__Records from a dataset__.

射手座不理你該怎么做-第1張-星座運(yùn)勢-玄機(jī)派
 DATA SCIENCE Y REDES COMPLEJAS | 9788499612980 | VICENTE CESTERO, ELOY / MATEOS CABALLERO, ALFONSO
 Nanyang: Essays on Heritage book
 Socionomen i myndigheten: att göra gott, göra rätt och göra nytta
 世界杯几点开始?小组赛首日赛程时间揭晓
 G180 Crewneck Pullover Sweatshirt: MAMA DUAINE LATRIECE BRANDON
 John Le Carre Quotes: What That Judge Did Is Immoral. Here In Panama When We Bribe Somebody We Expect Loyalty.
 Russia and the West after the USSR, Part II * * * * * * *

__What to work on__.
What you return must be the entries, given again word for word.

__Answer box__.
射手座不理你該怎么做-第1張-星座運(yùn)勢-玄機(jī)派
 DATA SCIENCE Y REDES COMPLEJAS | 9788499612980 | VICENTE CESTERO, ELOY / MATEOS CABALLERO, ALFONSO
 Nanyang: Essays on Heritage book
 Socionomen i myndigheten: att göra gott, göra rätt och göra nytta
 世界杯几点开始?小组赛首日赛程时间揭晓
 G180 Crewneck Pullover Sweatshirt: MAMA DUAINE LATRIECE BRANDON
 John Le Carre Quotes: What That Judge Did Is Immoral. Here In Panama When We Bribe Somebody We Expect Loyalty.
 Russia and the West after the USSR, Part II * * * * * * *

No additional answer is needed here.